Moving to the cities, these painted messages change. Granada is now totally ruined by the grafiteros or ‘street artists’ as they are quite revoltingly called. A brave judge has just fined one of these cretins 1,000 euros, but a practical magistrate like this is rarer here than a clean city wall. In Murcia, the tone is beastly paintings of people’s initials in various colours, plus some sexual innuenda. However, I should pause here and acknowledge one superb graffito in that city which has been painted on the wall of the Foreigners’ Centre, the ‘Centro de Extranjería’, and has remained there for years. It looks down at the long queue of hungry and sad looking foreigners and asks in violent black paint: ‘¿Burocrácia o apartheid?’
Bloody good question that.
In the Valencian community, the main thrust of the graffiti artists is to paint-out place names which smack of sounding Spanish, and replacing them with their Valenciano versions. Thus Jávea will be blacked out on all of its approaches, and Xàbia put in its place. Elche becomes Elx. Since road signs are useful only to those who are not familiar with the way, and since these (wealthy tourists...) will almost certainly be unfamiliar with the Xàbia place name, one might expect some attrition or spoilage among the visitors. Nationalists are such shallow and inconsiderate people.
In Almería, we are concerned with just the two languages: Spanish and, in all its many flavours, English. We live, as the Cajamar savings bank would have it, ‘in a sea of profitability and tranquillity’.
As the rusted orange paint gently falls from our inert cranes, and discoloured posters advertise half-built urbanizations in Águilas, our town has concerned itself for once with the padrón, the population registry. As we all know, this register helps get extra funds for the municipality (so artlessly spent) and also allows for extra licences, schoolteachers, police and medics.

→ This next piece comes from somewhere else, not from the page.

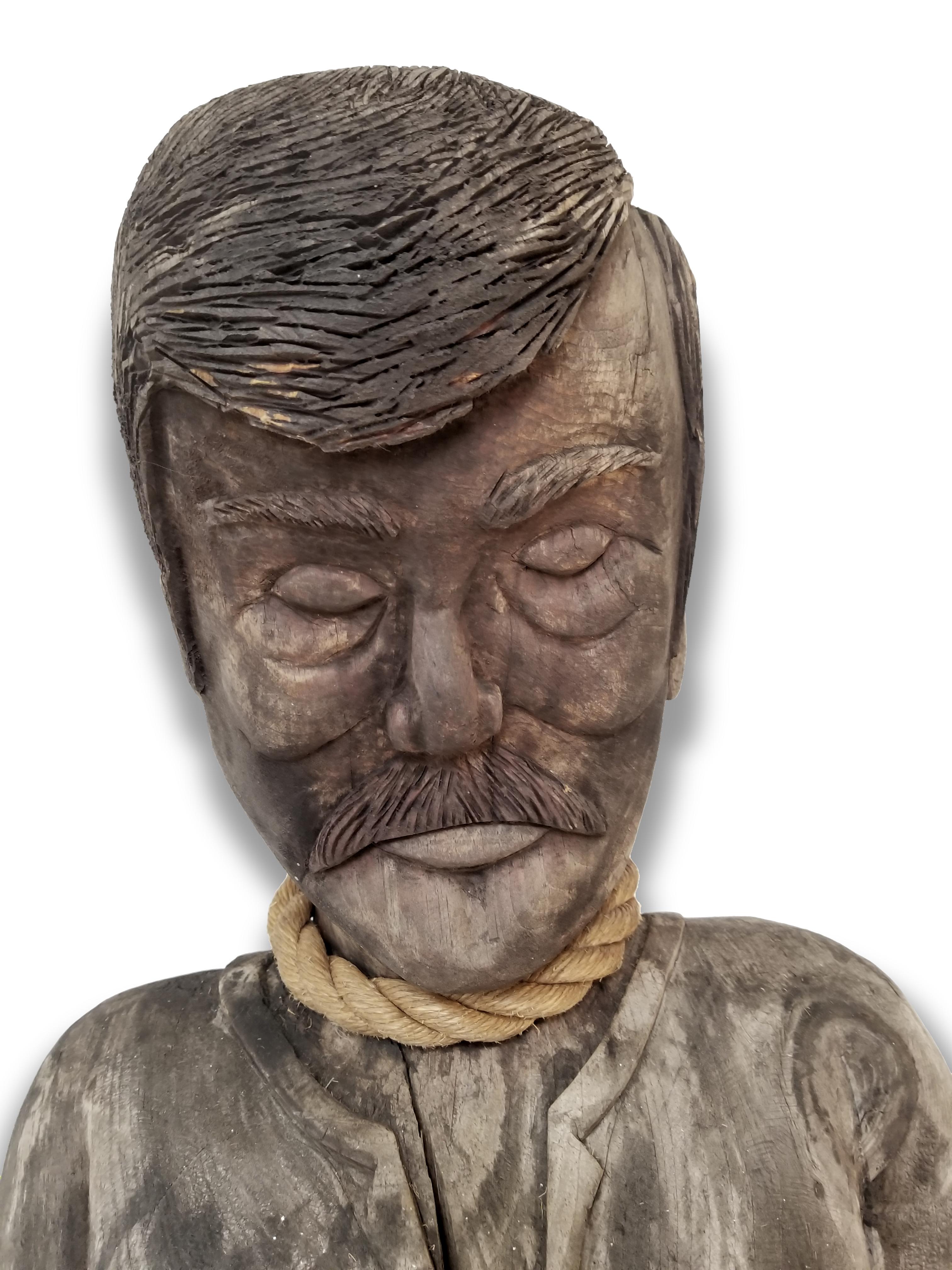 Arte popolare Antico stile Folk Art intagliato e dipinto in legno con figura appesa Studio di sceriffo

However, the government of Zapatero, keen to stave off a popular insurrection at its complete ineptitude, has taken to sending out lolly to the town halls in what is known as the PlanE which is meant to create short-term (at least until the next elections) jobs.
Jobs for the boys, judging from what I’ve seen.
So, more souls on the padrón equals more cash for the project, which explains the rather pointless parking lot and, now, two padel courts for our citizens (it’s a form of Mexican tennis apparently).
Plus a 1.7 million euro football field (Boy – that’s really going to confuse the taxi drivers) somewhere on the beach and carpeted, unusually, with Astroturf.
No. Hold on, we have to pay for that.
One day, the local wannabe politicians who talk of fixing our community will do so from the viewpoint of experience and solidarity rather than the tired old mixture of ignorance and greed which has so blighted our communities. We half-heartedly listen to the ‘experts’ as they flap on about tourism or ‘rural tourism’ or ‘golf tourism’ or, God forgive us, ‘gastronomic tourism’ as if these are the simple answers which will fix our municipalities and bring work, even to those poor coloured people queuing forlornly in Murcia. Sometimes, the braver politicians even talk of ‘residential tourism’. Do you know, I think they mean us.
However, whether we can see it, read it or not, there is little doubt that as things stand for our small mistreated community, short of a big change in our thinking, we won’t need a spray can to know that the writing is on the wall.
1 comment:
Some years ago, while temporatilly living in Cadiz, I saw a class of school kids out with a teacher, cleaning up a lot of graffiti from walls of buildings. I though that it was a good idea then and would like to see it spread throughout Spain and Europe – the kids may then think twice before buying a can of spray paint or, think that “I’ve paid my dues, I am free to paint!”